Apartheid Israel Terhadap Palestina: Sistem Dominasi yang Kejam dan Kejahatan Terhadap Kemanusiaan – Otoritas Israel harus bertanggung jawab atas kejahatan apartheid terhadap warga Palestina, kata Amnesty International hari ini dalam sebuah laporan baru yang keji. Penyelidikan merinci bagaimana Israel memberlakukan sistem penindasan dan kontrol terhadap hak-hak Palestina di mana pun mereka mengendalikannya.
Apartheid Israel Terhadap Palestina: Sistem Dominasi yang Kejam dan Kejahatan Terhadap Kemanusiaan
Baca Juga : Bagaimana Black Lives Matter Menghidupkan kembali solidaritas Black -Palestina
refusersolidarity – Ini termasuk warga Palestina yang tinggal di Israel dan Wilayah Palestina yang diduduki (OPT), serta pengungsi dari negara lain. Laporan komprehensif “Apartheid from Israel to Palestine: A System of Cruel Domination and Crimes Against Humanity” menyatakan bahwa tanah dan properti Palestina dibuang secara luas, dibunuh secara ilegal, dideportasi, sangat dibatasi dalam pergerakan, dan Ini semua tentang kewarganegaraan dan penolakan kewarganegaraan terhadap Palestina.
Sebuah komponen dari sistem yang sama seperti apartheid di bawah hukum internasional. Sistem ini ditopang oleh pelanggaran yang oleh Amnesti dianggap apartheid sebagai kejahatan terhadap kemanusiaan di bawah hukum Romawi dan Konvensi Apartheid, dan di bawah kondisi yurisdiksi universal untuk membawa pelaku apartheid ke pengadilan. “Tidak ada pembenaran untuk sistem yang dibangun di sekitar represi rasial yang dilembagakan dan terus-menerus terhadap jutaan orang. Apartheid tidak ada di dunia kita.Membiarkan negara-negara Israel yang memilih untuk melakukannya akan mendapati bahwa mereka berada di belakang layar sejarah.
Mengidentifikasi apartheid
Sistem apartheid adalah represi yang dilembagakan dan sistem di mana satu kelompok ras mengontrol yang lain. Ini adalah pelanggaran serius terhadap hak asasi manusia dan dilarang oleh hukum internasional. Penelitian ekstensif dan analisis hukum Amnesty International, yang dilakukan bekerja sama dengan para ahli dari luar, melalui undang-undang, kebijakan, dan praktik yang memastikan perlakuan diskriminatif Israel yang berkelanjutan dan kejam terhadap Palestina.Menunjukkan bahwa sistem semacam itu sedang diterapkan. Di bawah hukum pidana internasional, tindakan ilegal tertentu yang dilakukan untuk mempertahankannya dalam sistem penindasan dan kontrol merupakan kejahatan terhadap kemanusiaan dalam apartheid.

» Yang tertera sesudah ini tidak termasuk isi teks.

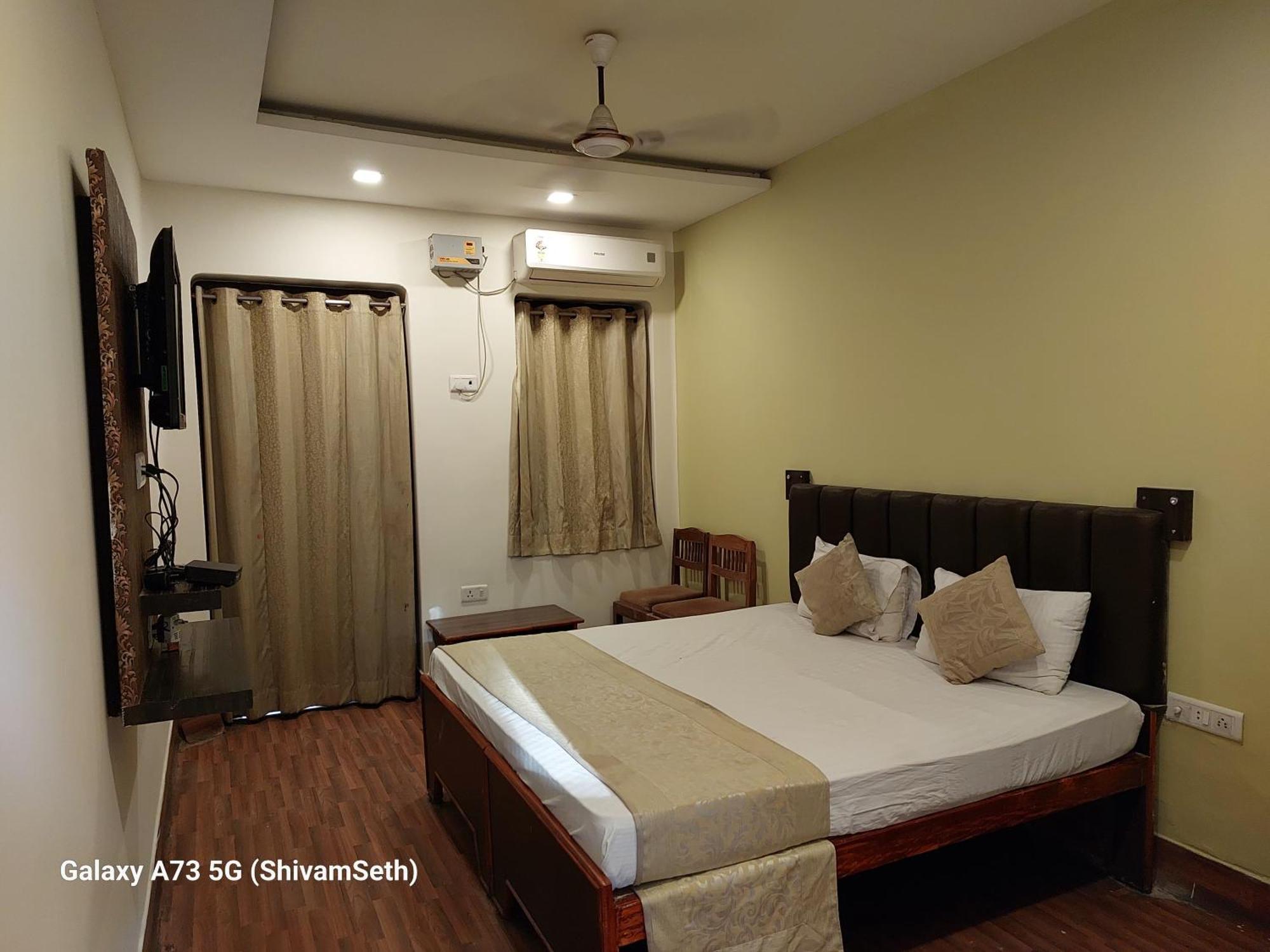 Gokul Grand 2*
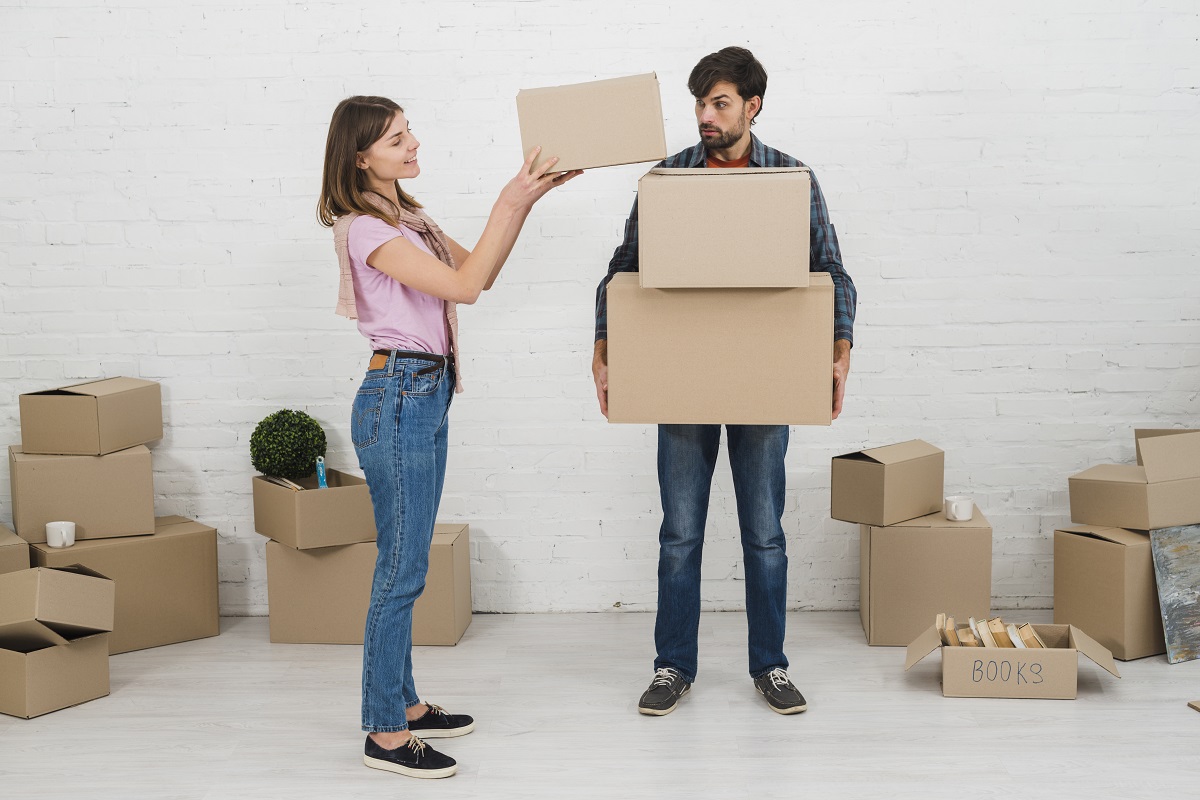 Homem e mulher organizando as coisas para começar sua mudança Homem e mulher organizando as coisas para começar sua mudança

Tindakan ini diatur dalam Konvensi Apartheid dan hukum Romawi dan termasuk pembunuhan di luar pengadilan, penyiksaan, burung kenari dan penyangkalan. Hak dan kebebasan dasar. Amnesty International mendokumentasikan lebih sering dan tindakan kekerasan di OPT daripada Israel, tetapi dilarang oleh perjanjian apartheid dan hukum Romawi di semua wilayah yang dikuasai Israel. Otoritas Israel dari memiliki pembatasan ketat pada pergerakan di wilayah pendudukan, kekurangan investasi kronis dalam komunitas Palestina Israel, dan penolakan hak kembalinya pengungsi, hak-hak dasar dan kebebasan orang Palestina.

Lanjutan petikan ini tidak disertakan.